Work instructions:
Start at the top of the records and, please, print each line exactly through the line that contains "You are now", leaving out all pictures.

Data supplied:
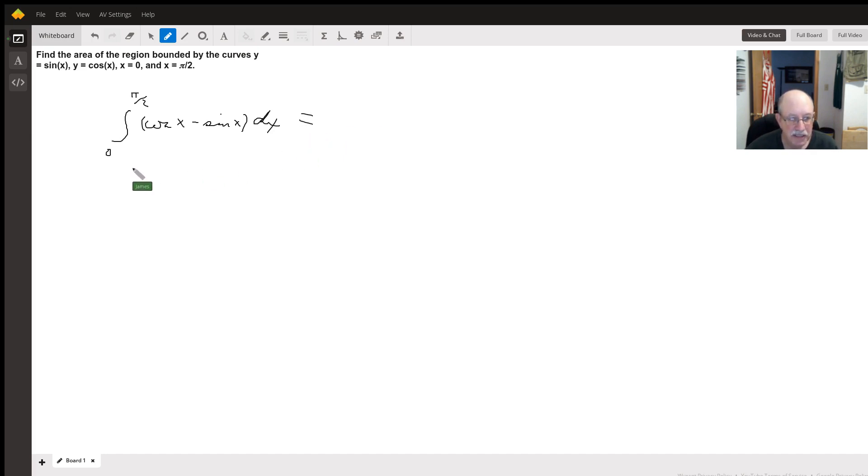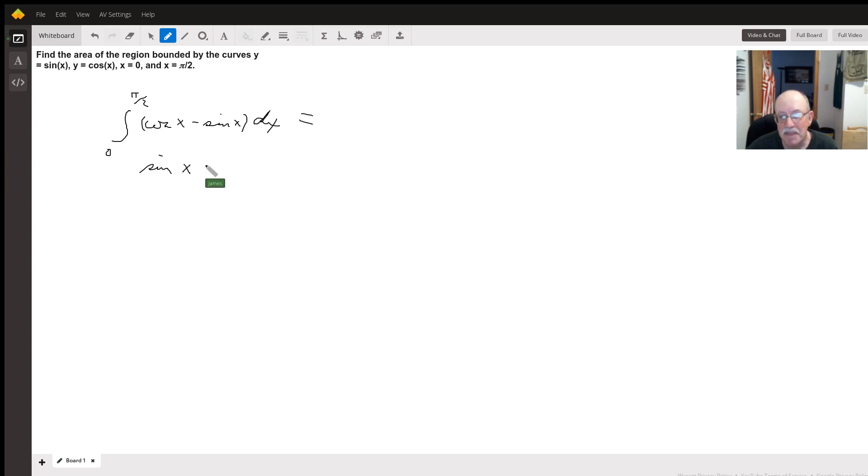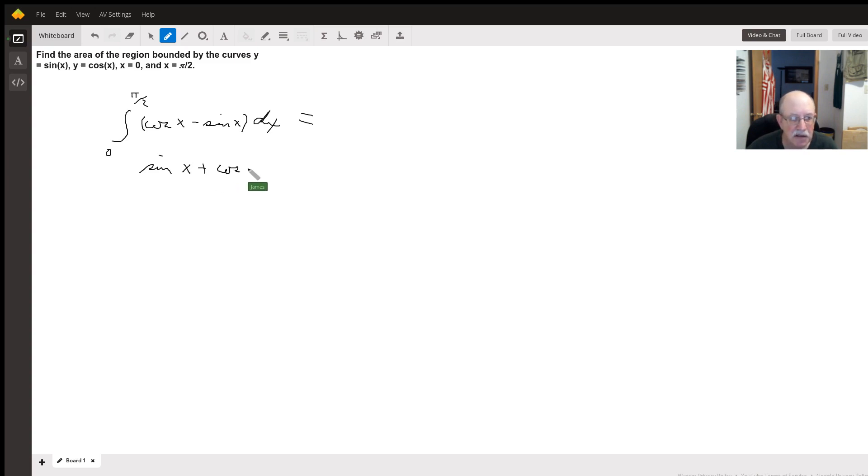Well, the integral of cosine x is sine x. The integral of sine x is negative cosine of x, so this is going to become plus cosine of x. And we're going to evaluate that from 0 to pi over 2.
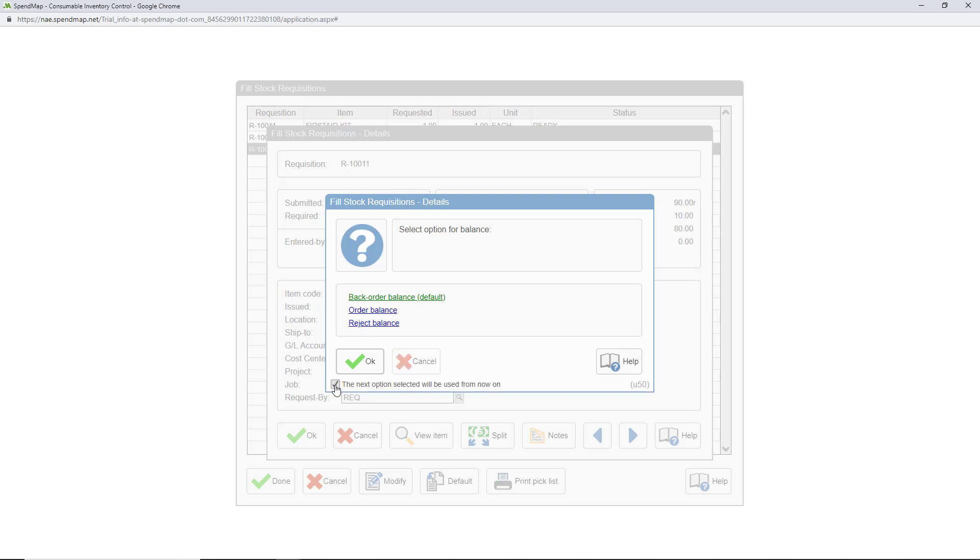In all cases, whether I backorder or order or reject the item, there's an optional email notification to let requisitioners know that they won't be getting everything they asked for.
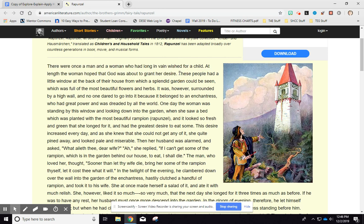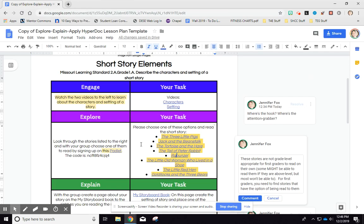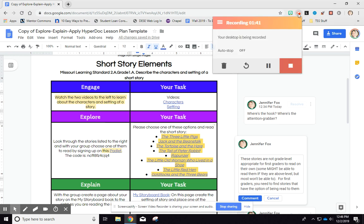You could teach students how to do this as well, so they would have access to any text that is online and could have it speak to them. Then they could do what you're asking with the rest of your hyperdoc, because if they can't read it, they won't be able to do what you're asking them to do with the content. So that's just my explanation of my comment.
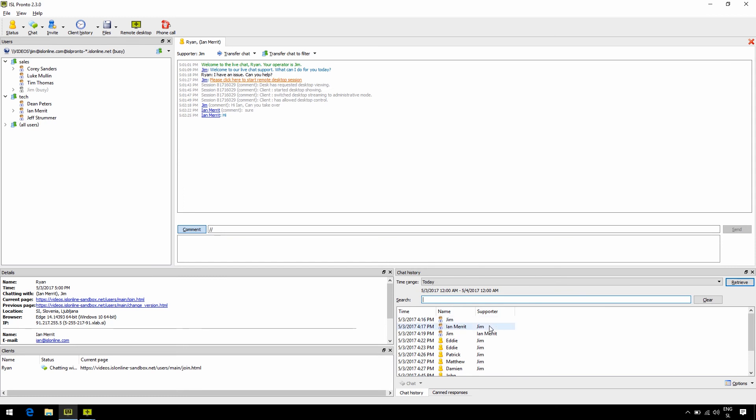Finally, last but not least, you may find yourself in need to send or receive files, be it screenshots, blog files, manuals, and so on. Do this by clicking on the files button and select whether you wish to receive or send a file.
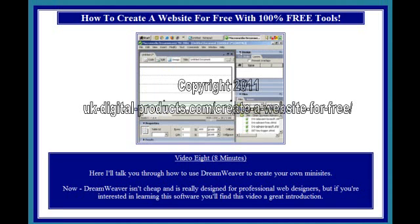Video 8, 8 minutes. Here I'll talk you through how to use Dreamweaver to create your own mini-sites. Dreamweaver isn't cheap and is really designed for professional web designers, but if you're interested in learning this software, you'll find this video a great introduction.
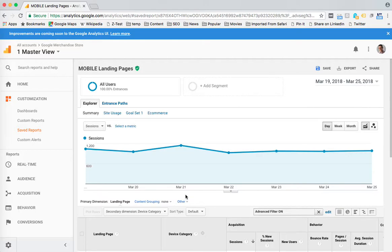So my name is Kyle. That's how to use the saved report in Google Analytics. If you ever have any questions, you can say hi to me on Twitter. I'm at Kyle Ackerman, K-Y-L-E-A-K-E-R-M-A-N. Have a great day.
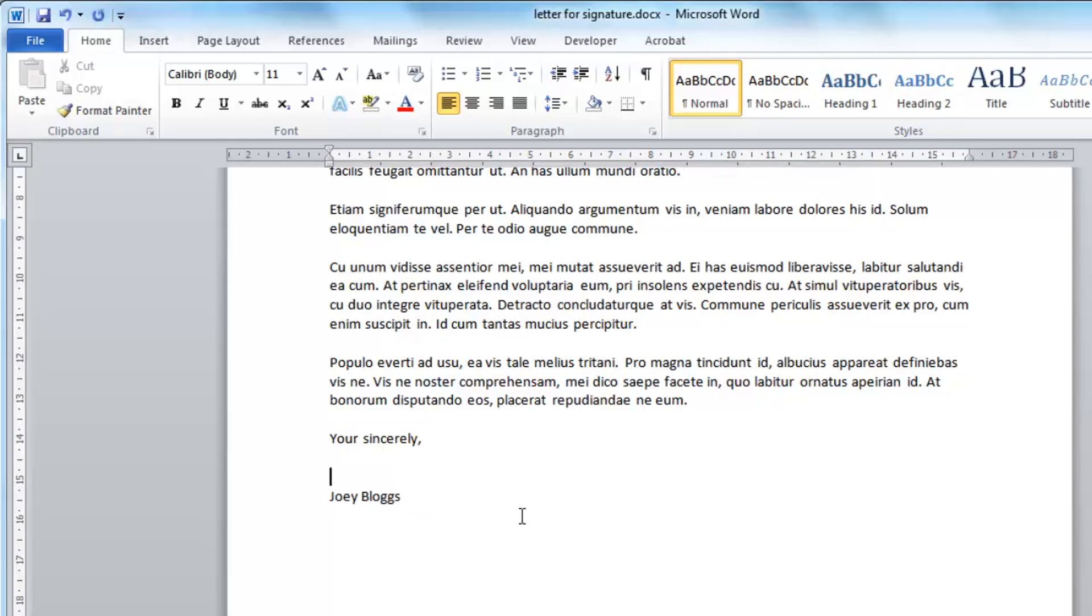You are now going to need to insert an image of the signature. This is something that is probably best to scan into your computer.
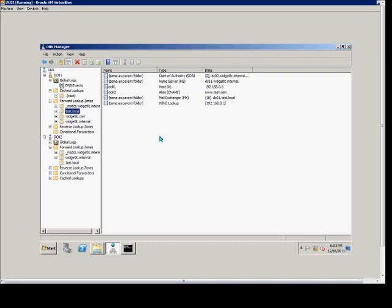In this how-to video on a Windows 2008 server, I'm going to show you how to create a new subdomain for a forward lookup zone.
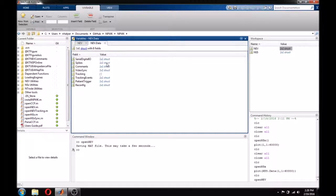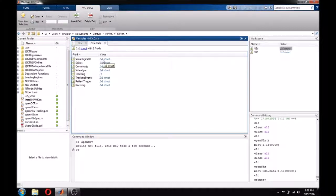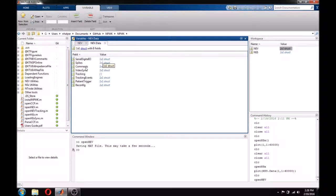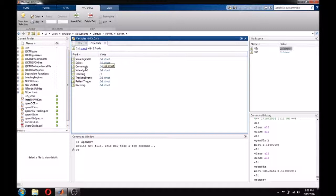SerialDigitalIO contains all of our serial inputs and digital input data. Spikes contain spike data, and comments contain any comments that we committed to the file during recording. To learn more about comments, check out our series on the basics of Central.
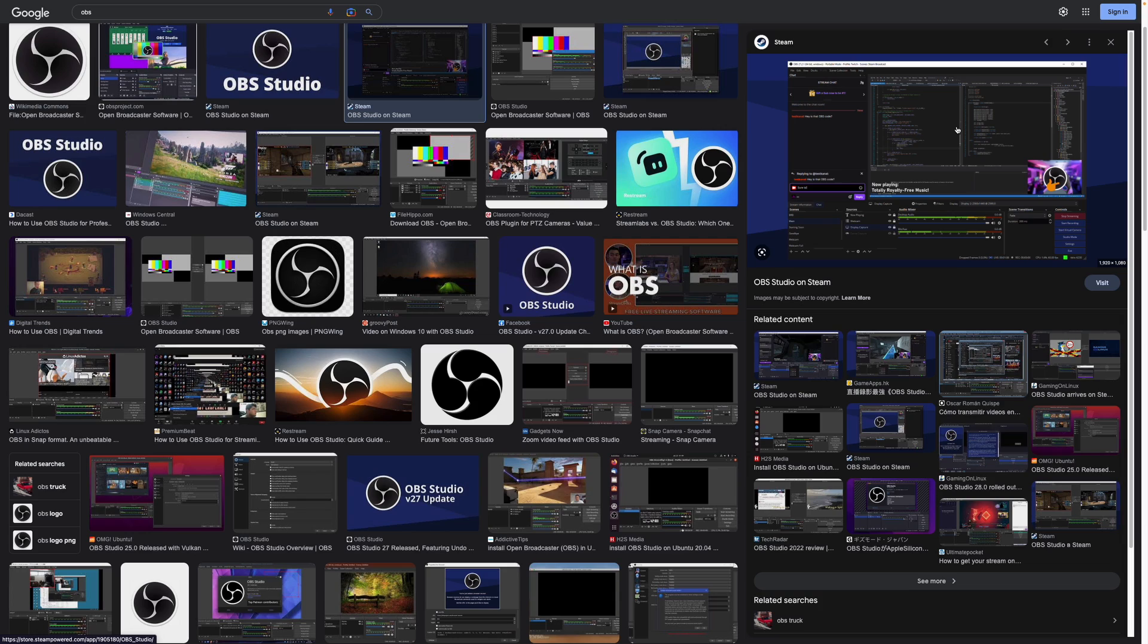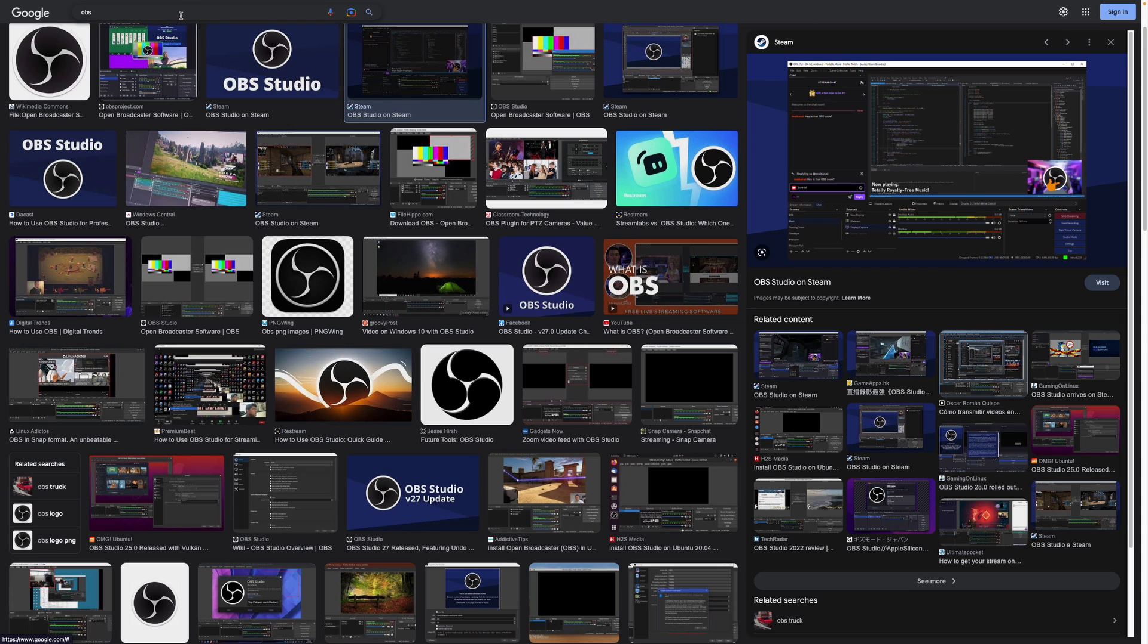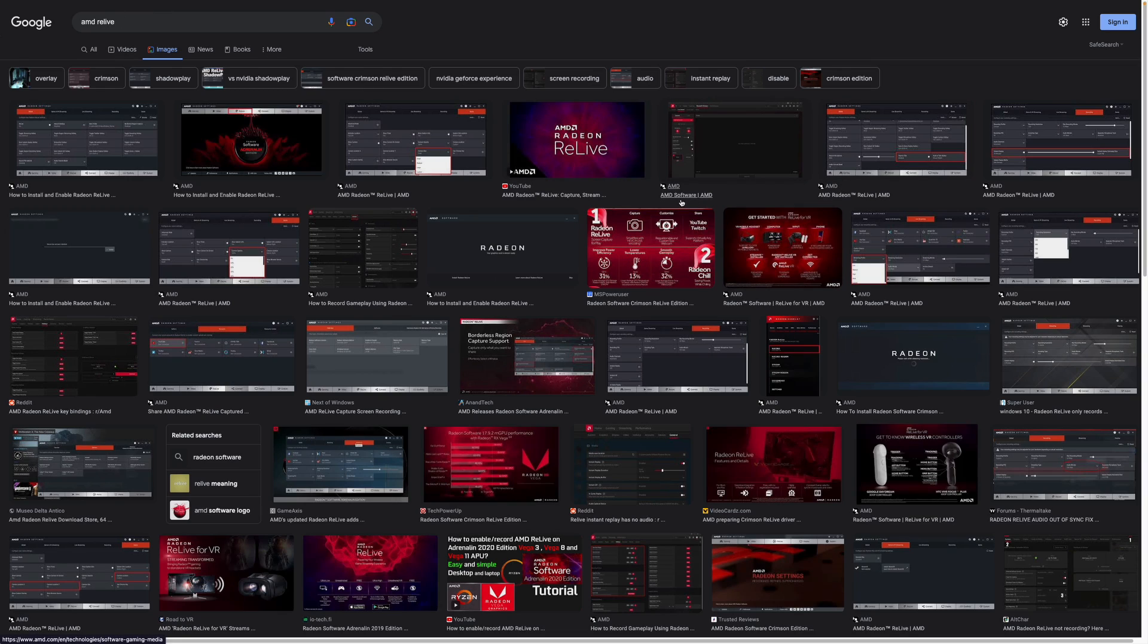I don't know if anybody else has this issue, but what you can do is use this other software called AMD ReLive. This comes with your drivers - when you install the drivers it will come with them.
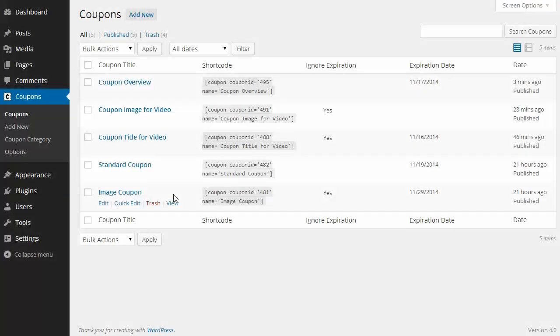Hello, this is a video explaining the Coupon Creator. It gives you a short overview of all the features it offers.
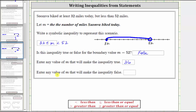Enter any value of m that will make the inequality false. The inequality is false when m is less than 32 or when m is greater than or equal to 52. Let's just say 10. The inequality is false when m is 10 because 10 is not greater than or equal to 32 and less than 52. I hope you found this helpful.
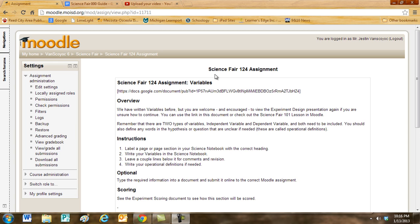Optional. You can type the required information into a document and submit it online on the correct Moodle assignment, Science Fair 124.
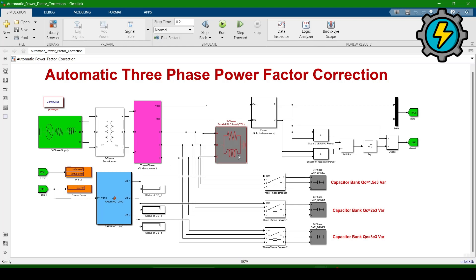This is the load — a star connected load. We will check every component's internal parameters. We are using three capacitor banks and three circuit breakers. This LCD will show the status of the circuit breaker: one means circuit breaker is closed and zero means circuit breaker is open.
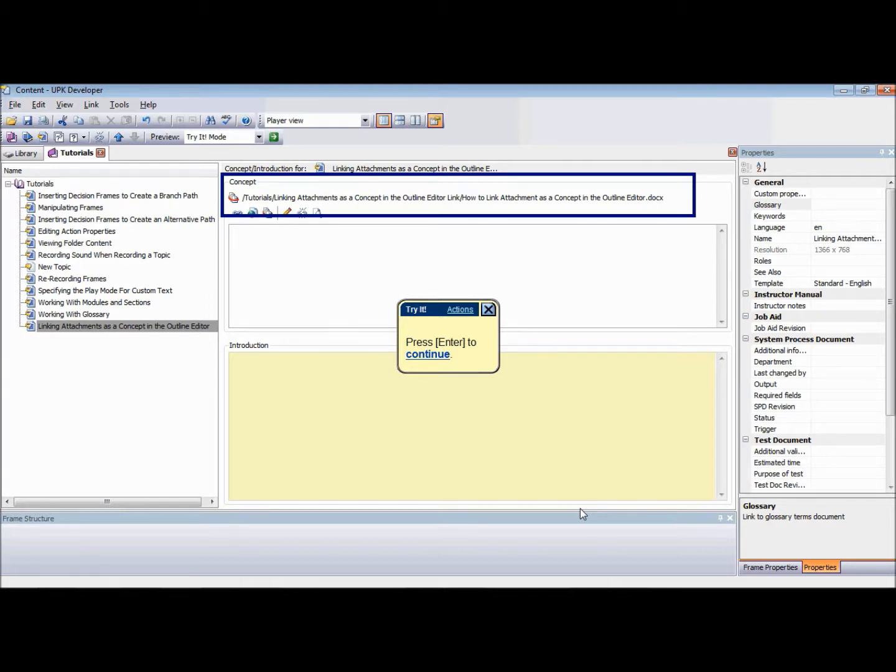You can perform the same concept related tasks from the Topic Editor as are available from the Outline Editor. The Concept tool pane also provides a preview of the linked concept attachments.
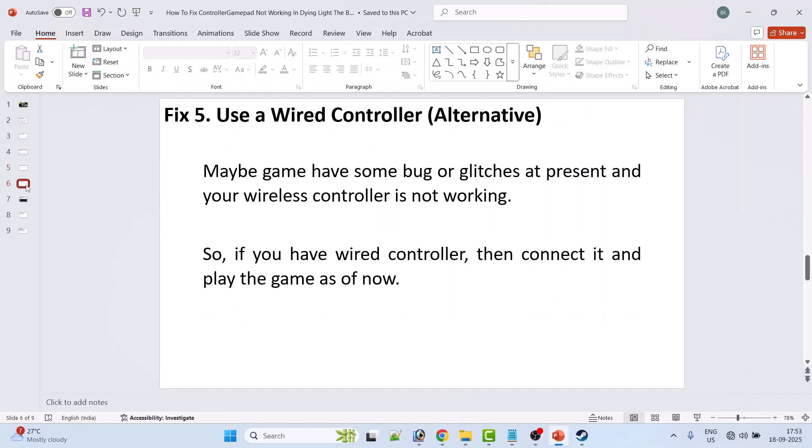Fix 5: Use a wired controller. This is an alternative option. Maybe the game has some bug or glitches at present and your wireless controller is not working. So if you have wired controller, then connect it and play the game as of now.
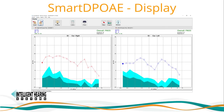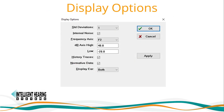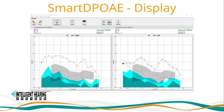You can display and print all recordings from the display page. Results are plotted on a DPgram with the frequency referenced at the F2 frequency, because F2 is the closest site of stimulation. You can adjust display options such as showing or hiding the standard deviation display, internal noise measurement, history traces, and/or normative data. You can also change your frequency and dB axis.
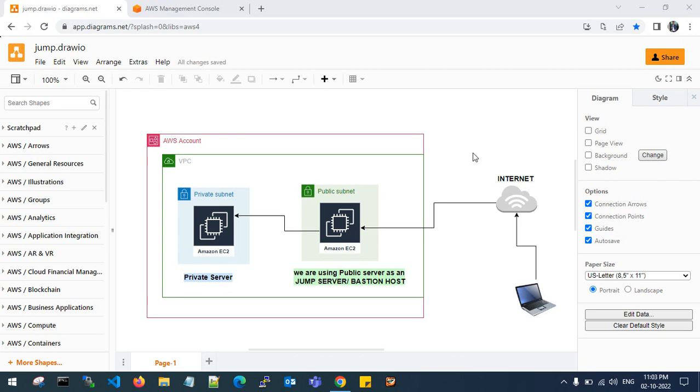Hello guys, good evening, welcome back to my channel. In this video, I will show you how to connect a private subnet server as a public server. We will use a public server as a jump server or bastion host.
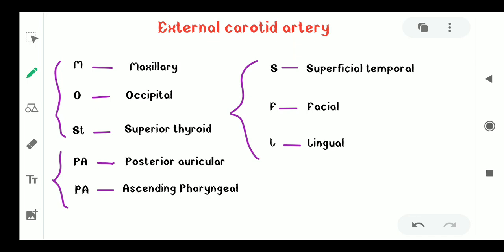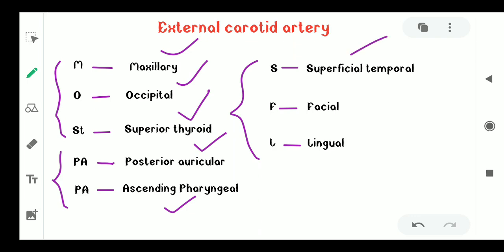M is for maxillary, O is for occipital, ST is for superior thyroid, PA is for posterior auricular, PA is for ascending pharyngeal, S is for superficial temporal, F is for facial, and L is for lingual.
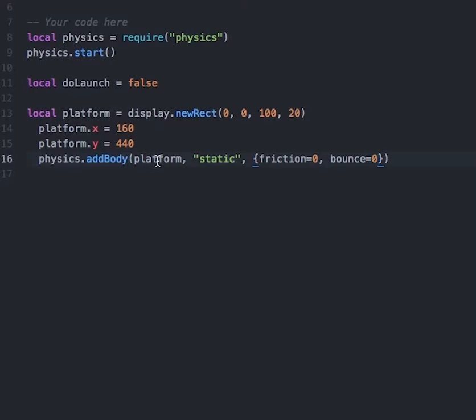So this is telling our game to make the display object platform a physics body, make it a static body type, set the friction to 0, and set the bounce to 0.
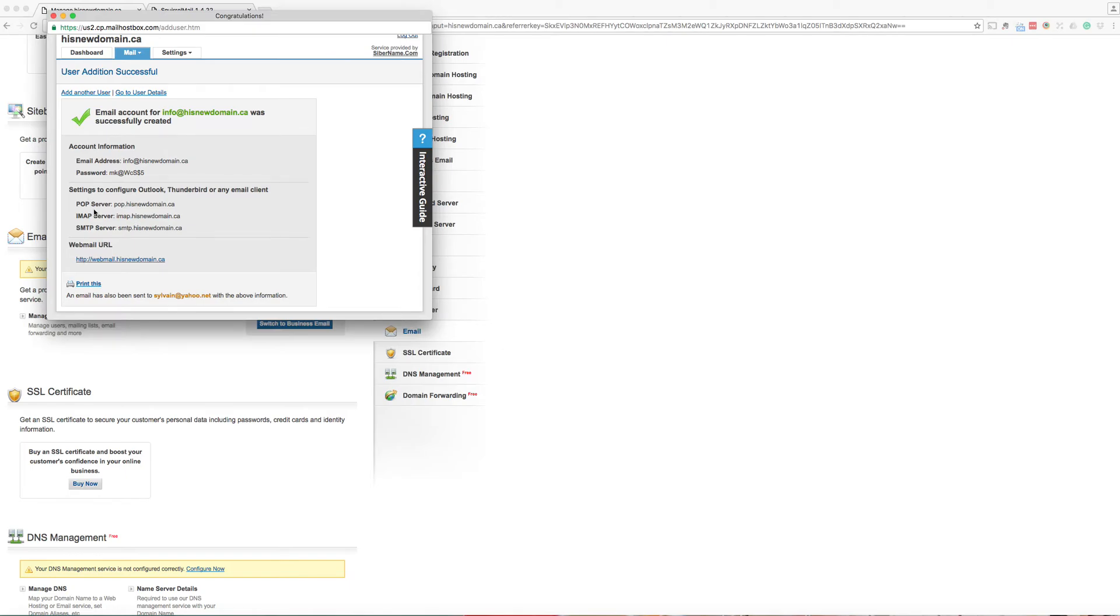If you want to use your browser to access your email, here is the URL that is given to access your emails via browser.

Output for this exercise:
Well, the integral of cosine x is sine x. The integral of sine x is negative cosine of x, so this is going to become plus cosine of x. And we're going to evaluate that from 0 to pi over 2.
In all cases, whether I backorder or order or reject the item, there's an optional email notification to let requisitioners know that they won't be getting everything they asked for.
You could teach students how to do this as well, so they would have access to any text that is online and could have it speak to them. Then they could do what you're asking with the rest of your hyperdoc, because if they can't read it, they won't be able to do what you're asking them to do with the content. So that's just my explanation of my comment.
Finally, last but not least, you may find yourself in need to send or receive files, be it screenshots, blog files, manuals, and so on. Do this by clicking on the files button and select whether you wish to receive or send a file.
Video 8, 8 minutes. Here I'll talk you through how to use Dreamweaver to create your own mini-sites. Dreamweaver isn't cheap and is really designed for professional web designers, but if you're interested in learning this software, you'll find this video a great introduction.
So my name is Kyle. That's how to use the saved report in Google Analytics. If you ever have any questions, you can say hi to me on Twitter. I'm at Kyle Ackerman, K-Y-L-E-A-K-E-R-M-A-N. Have a great day.
You are now going to need to insert an image of the signature. This is something that is probably best to scan into your computer.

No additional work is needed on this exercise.